Yes, I do feel it's changed me. I know some people say life is short, grab it I just feel scared thinking who's next?

cptartapp · 15/05/2019 06:33

My DF had already died aged 54 when aged 69 several years later my DM was killed in a car accident. I was 44. Nothing much really fazes me now tbh. I just get on with life, but it has completely changed my perspective and I certainly don't put off doing anything anymore.

minmooch · 15/05/2019 06:38

My eldest son was diagnosed with a brain tumour just before his 16th birthday. He was at school the day before. The next day he was in hospital fighting for his life. 2 days later an 11 hour operation to remove what they could. I lived in hospital with him for 6 months.
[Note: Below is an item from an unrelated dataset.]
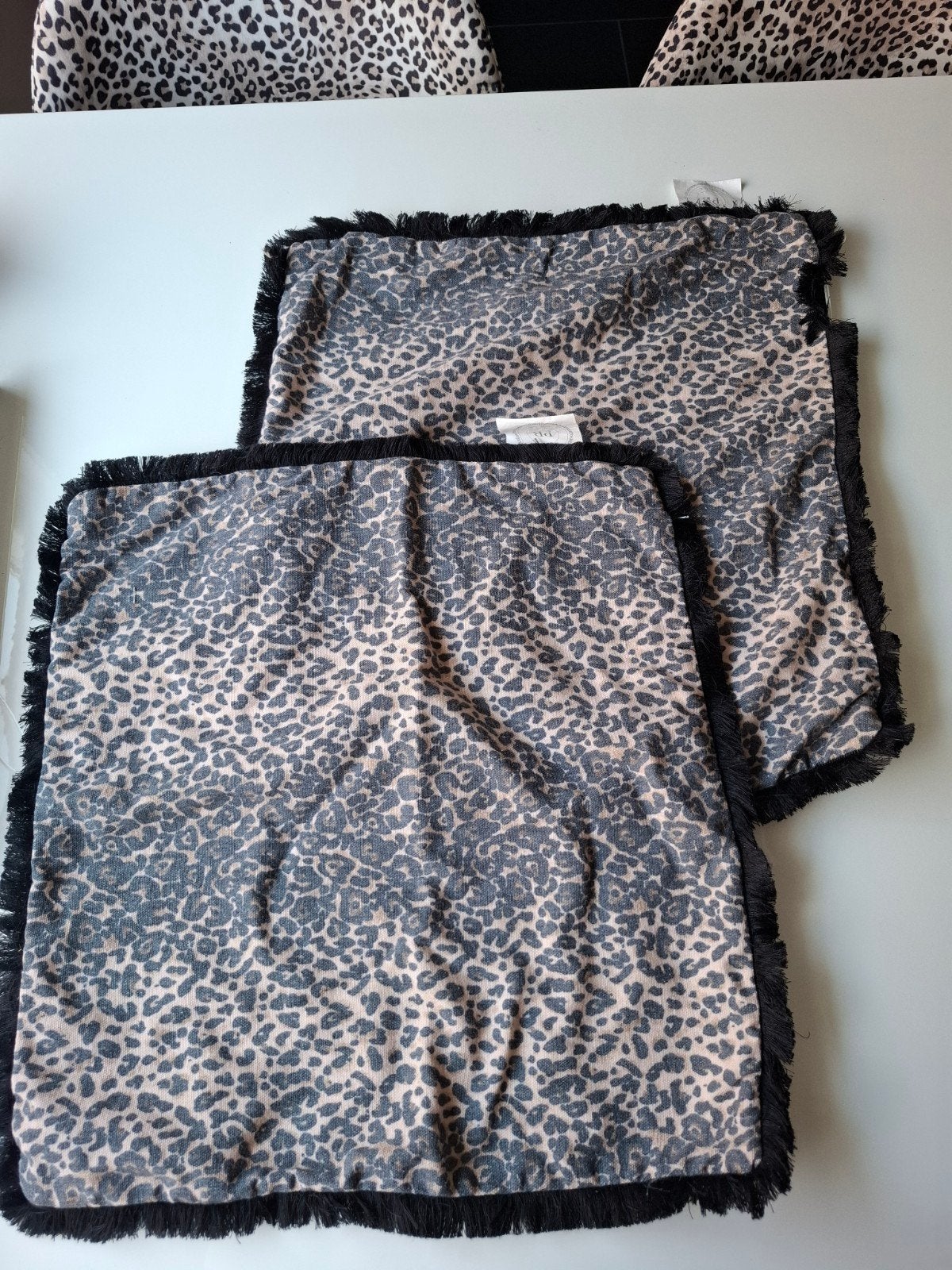 2x PB Panter kussenhoesjes met franjes - nieuw, Huis en Inrichting, Overige merken, Meerkleurig, Nieuw, Ophalen of Verzenden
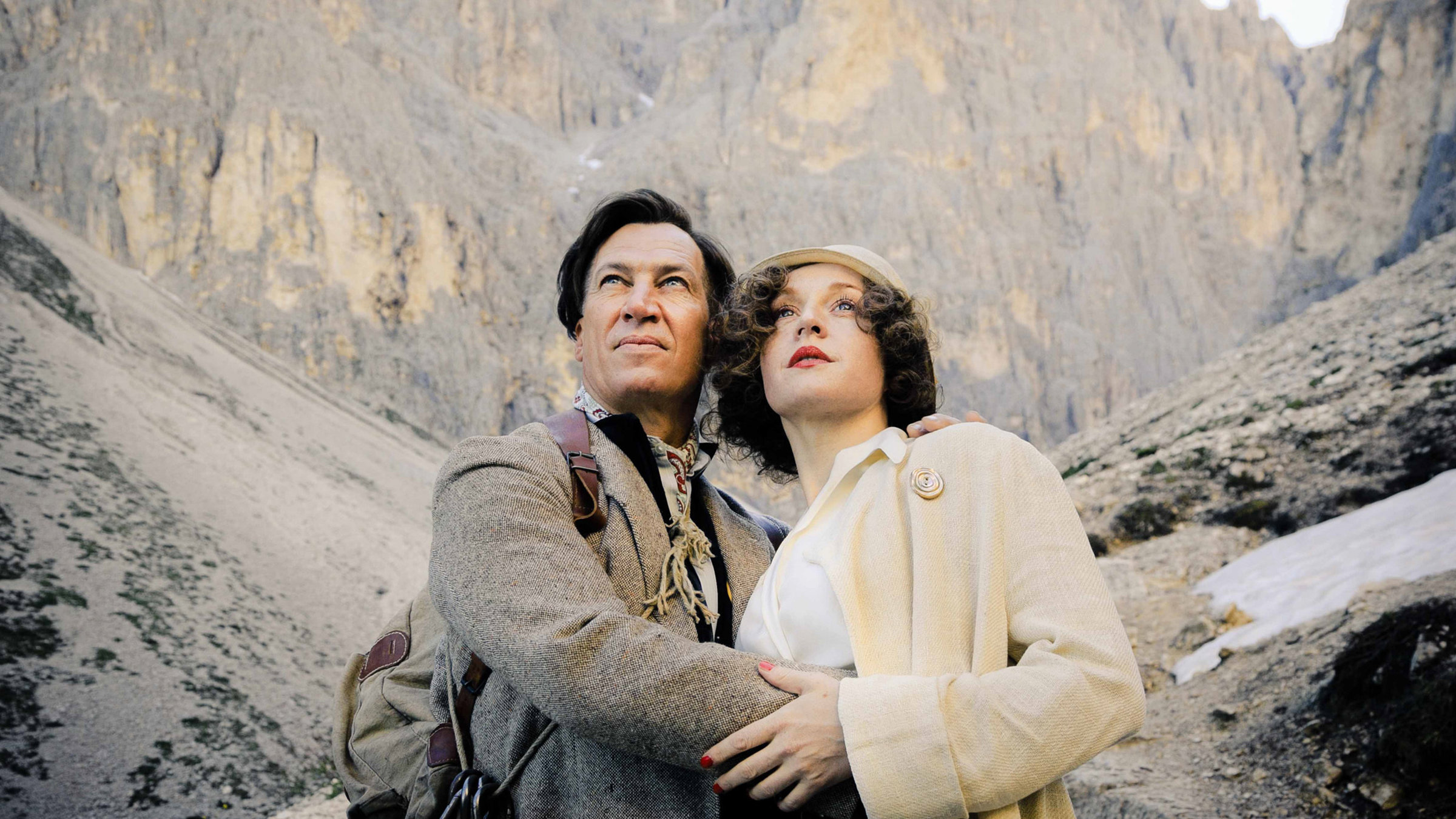 "Luis Trenker - der schmale Grat der Wahrheit": Luis Trenker (Tobias Moretti) und Leni Riefenstahl (Brigitte Hobmeier) umarmen sich und bewundern das Bergpanorama.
Rarely saw my youngest son.

Followed by 2 years on and off at home or in hospital trying to beat the onslaught of chemo, radiotherapy, physical disability and the regrowth of the tumour.

He passed away aged just 18.

I honestly think I had PTSD from the horrific experience of watching him suffer so terribly and die in my arms.

There is definitely life before cancer and the life after. Then there's the life after he died.

Life has changed spectacularly. My expectations changed. My feelings for people who were there to support at the time and those who didn't. I have patience with some things I didn't before. Fierce anger at the pathetic moaning people make about things that are so unimportant. Fierce rage at the world that my child died. Fierce rage at myself that I couldn't save him, that I live whilst he died. But 5 years on the rawness has gone. I have learnt to lock away in a box some of the destructive thoughts and anger. I live and I love and I laugh but I am forever changed.

My mum died the following year from my son's death from her own cancer and I don't feel I have grieved fir her, even yet 4 years on from her death, 5 years from my son's. I just don't have the space or strength for more grief.

My dad went into a dementia care home after attacking me a year ago. I am spectacularly unemotional about him there. Again I have no more emotional space.

SoyDora · 15/05/2019 06:43

Yes. One normal, sunny morning when I was 24 I got a phone call while I was eating breakfast to say that my brother (in his 20’s) had been in a horrific accident and was dead.
How can something like that not change everything afterwards?

PeakedTooEarly · 15/05/2019 06:53

We (as a couple) have had a string of tragic and terrible things happen to us over the last four years. I can't speak for him but I know that I am changed completely as a person and I find I can only find happiness in small chunks. Hopefully things will get better for us but it will be slow.

I suspect you have a degree of PTSD OP.

Rightwayup · 15/05/2019 06:57

Minmooch I can relate so much. Just no emotional space left. But then wake every morning about 4 am . My life changing event was a murder suicide in immediate family. Need to accept that I will just never get over it. 💔

SwimmingKaren · 15/05/2019 07:15

Sounds like you have got a bit stuck on that time and might need to talk it through with somebody. Completely understandable, it sounds really traumatic especially when pregnant. How is he doing now?

I feel like I’ve gone the other way. I’m almost numb to loss despite losing several family members and don’t think I have ever grieved properly. To me, they are both still rattling round in their houses doing what they’ve always done, I just haven’t seen them for a while? Live in fear that one day it might suddenly hit me out of nowhere.

Dermymc · 15/05/2019 07:18

OP I totally hear you.

I had a very similar event happen in the last year and it hits me at the most random time. I have panic attacks now which I never used to and I haven't slept properly since.